• What the task asks: From the first line to the last, repeat the data exactly but leave out the pictures.

══ Recorded information

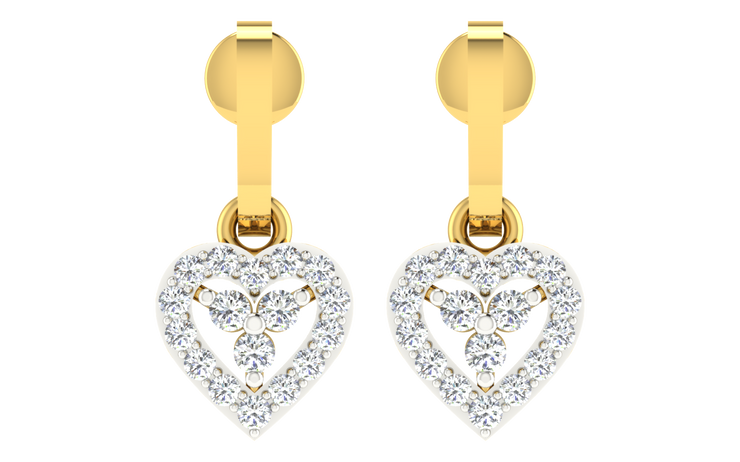 14k Solid Yellow Gold  Earrings w/ hanging diamond heart charm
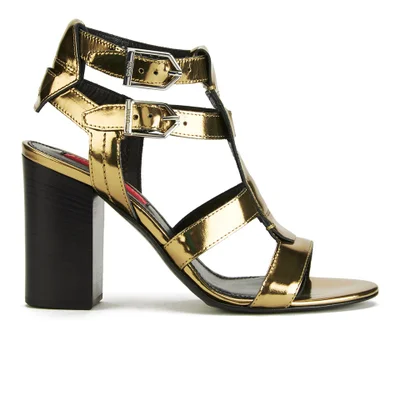 HUGO Women's Malena-M Buckle Strap Heeled Leather Sandals - Gold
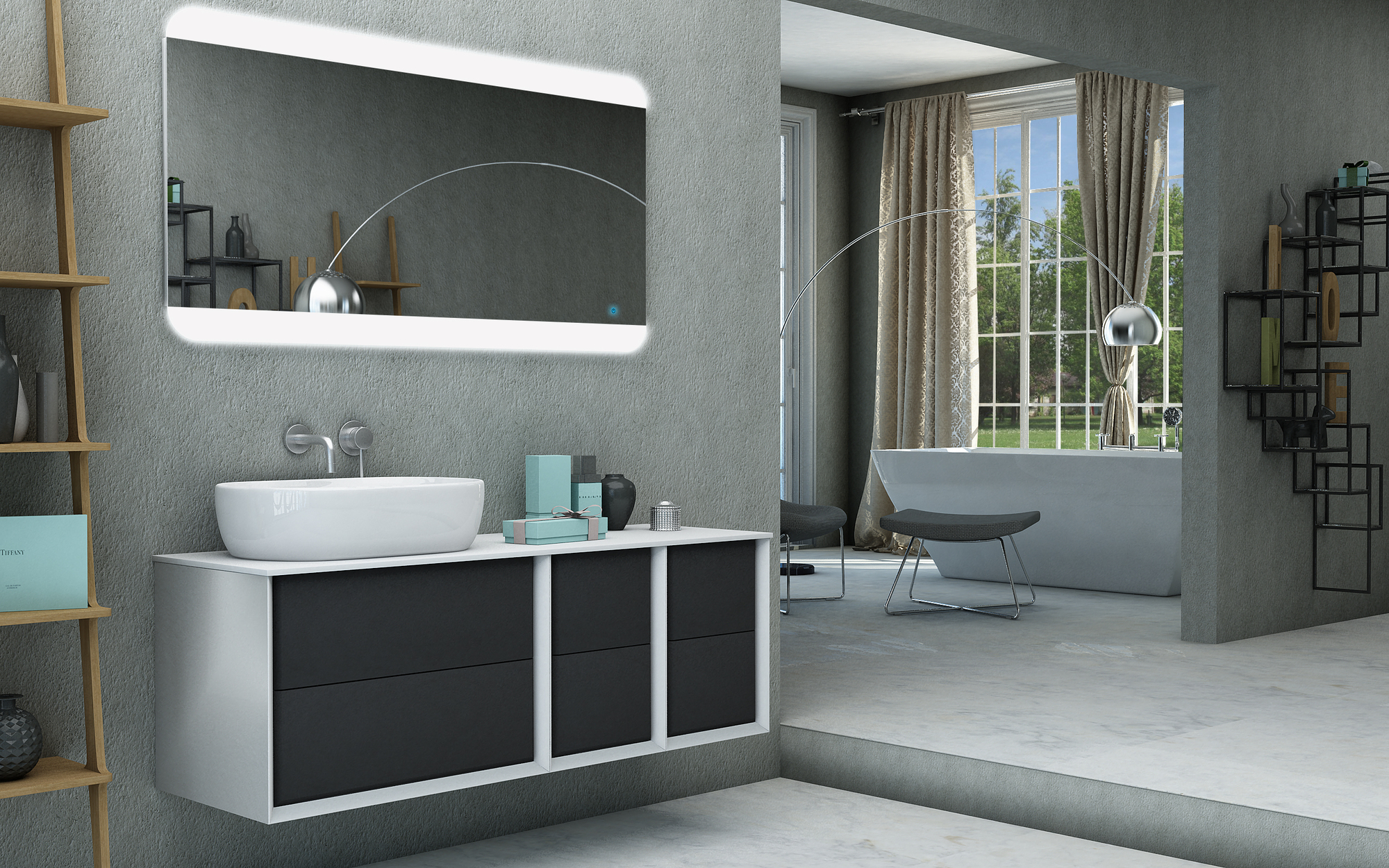 Мебель для ванной CEZARES BELLAGIO 140 Grafite - Вид №5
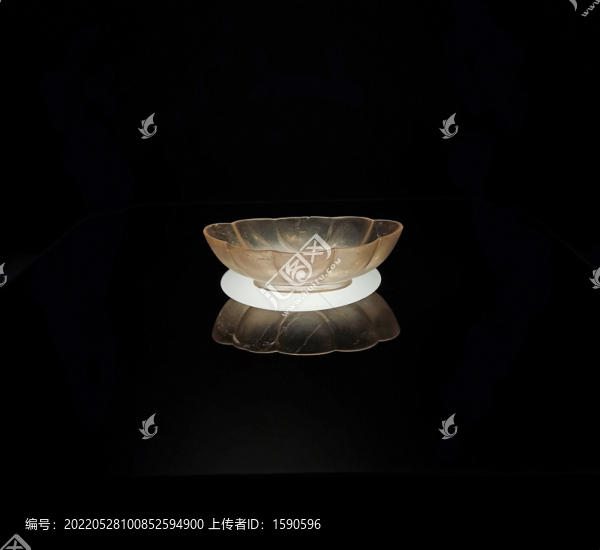 水晶八曲長杯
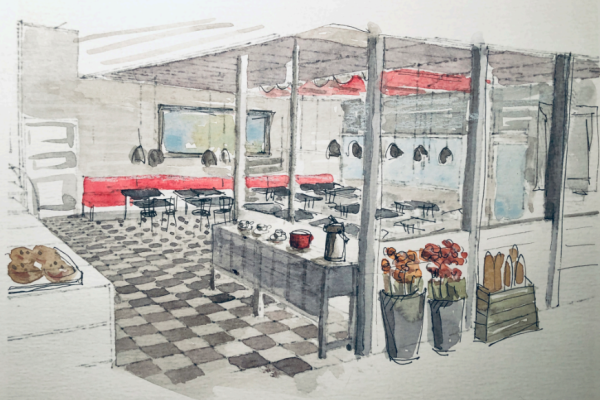 Akvarell av koncept för restaurang design med rött som accentfärg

════

• Your response:
 14k Solid Yellow Gold  Earrings w/ hanging diamond heart charm
 HUGO Women's Malena-M Buckle Strap Heeled Leather Sandals - Gold
 Мебель для ванной CEZARES BELLAGIO 140 Grafite - Вид №5
 水晶八曲長杯
 Akvarell av koncept för restaurang design med rött som accentfärg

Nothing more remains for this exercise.